Open cubiq opened 1 year ago
@cubiq hi, can you give a description of how to implement multiple images?
you can send a batch of tensors in the form of like (4, 224, 224, 3)
for 4 images (you can just stack them).
this is an example with 4 images:
@cubiq this is achieved by concat the image features of 4 images ( 16 x 4 = 64 tokens)? I see another blog https://civitai.com/articles/2345, I am not sure that if your implementation is same as that.
yes exactly.
the blog you linked uses more or less the same code as mine.
Could someone please provide an example of how to use multiple images outside of Comfy?
Would something like this work perhaps? Is my understanding correct?
image_paths = ["img1", "img2", "img3", "img4"]
image_tensors = []
transform = transforms.Compose([
transforms.Resize((224, 224)),
transforms.ToTensor()
])
for path in image_paths:
image = Image.open(path)
image_tensor = transform(image)
image_tensors.append(image_tensor)
image_batch = torch.stack(image_tensors)
print(image_batch.shape) # Should print torch.Size([4, 3, 224, 224])
images = ip_model.generate(pil_images=image_batch, num_samples=num_samples, num_inference_steps=30, seed=42)
yes, stacking should work
Hmm since the get_image_embeds method is designed work with PIL images, would something like this suffice?
pil_images = [Image.open(path).resize((224, 224)) for path in image_paths]
btw looks like Comfy is using this node type for image batching: https://github.com/comfyanonymous/ComfyUI/blob/213976f8c3ea3f45f0c692dd8aac2fd9fea433e3/nodes.py#L1490
class ImageBatch:
@classmethod
def INPUT_TYPES(s):
return {"required": { "image1": ("IMAGE",), "image2": ("IMAGE",)}}
RETURN_TYPES = ("IMAGE",)
FUNCTION = "batch"
CATEGORY = "image"
def batch(self, image1, image2):
if image1.shape[1:] != image2.shape[1:]:
image2 = comfy.utils.common_upscale(image2.movedim(-1,1), image1.shape[2], image1.shape[1], "bilinear", "center").movedim(1,-1)
s = torch.cat((image1, image2), dim=0)
return (s,)
So far my results are terrible 🥲
that looks like you are sending the cond images to the uncond as well
when i try this method, output images are generated based on distinct images of the batch. However, as i understand output images should be a synthesis based on all the images in the batch. which is it ? If it is the second one how should i pass the images to the ip-adapter generate function ?
please note that I work mainly with comfyui so I wasn't aware of the diffusers situation.
I had a quick look at the code and it seems that only the first image is prompted no matter how many images are sent. The image encoder works as expected and correctly encodes all the images so there must be some clipping happening somewhere down the line.
I'll work on a diffuser project soon so I might be looking into this
Thanks @cubiq!

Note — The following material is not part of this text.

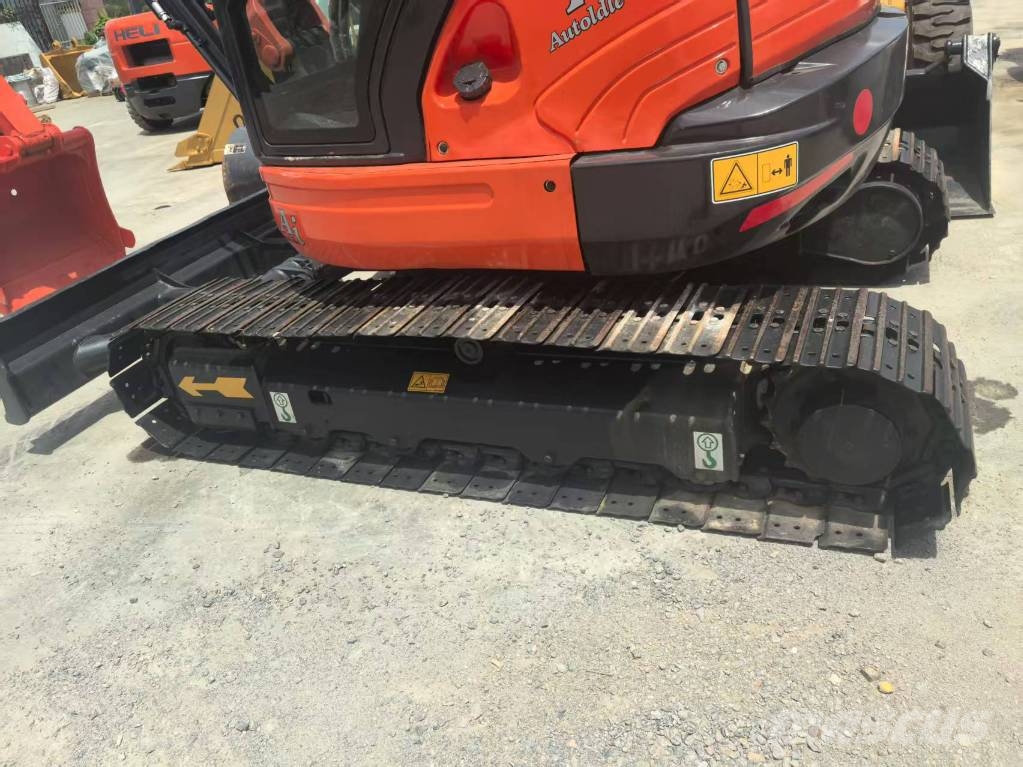 Kubota KX 163 Minikoparki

If you have a github sponsor or kofi link I would be happy to help support development of this feature!
I was able to implement image weighting in ComfyUI @xiaohu2015
In the image below you can see two different results using the same 2 images with different weights
as always the code here https://github.com/cubiq/ComfyUI_IPAdapter_plus
Regarding Diffusers the thing is a bit more complicated, the current implementation offered by tencent-ailab is a bit too "rigid" and it would require some refactoring... a more dynamic approach would be for the library to only exports the embeds and then the user can integrate those into any pipeline (given the right combination of encoder/ipadapter model/main checkpoint). Alternatively the official API should be followed a bit more closely. I'll look into it in the coming days
Okay good news, I was able to replicate all the comfyui features in diffusers.
On the left is the diffusers image that as you can see is very close to the image on the right generated with 2 images in ComfyUI (the difference in sharpness is caused by different sampling algorithms used for the image encoder).

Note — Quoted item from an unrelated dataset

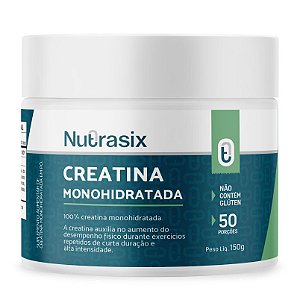 Creatina monohidratada 150g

It's just a matter merging the image embeds and increasing the number or tokens in the attention processor. I'll do some code clean up and post the code somewhere!
That is huge 💪 Can't wait to test it out!
More info about the new code here #99
You can find the code and examples in my repo https://github.com/cubiq/Diffusers_IPAdapter
It's still a bit experimental, but should be enough to get you started. Have fun!
when sending a batch of images for the conditioning, how would you go at giving a different weight at each of them?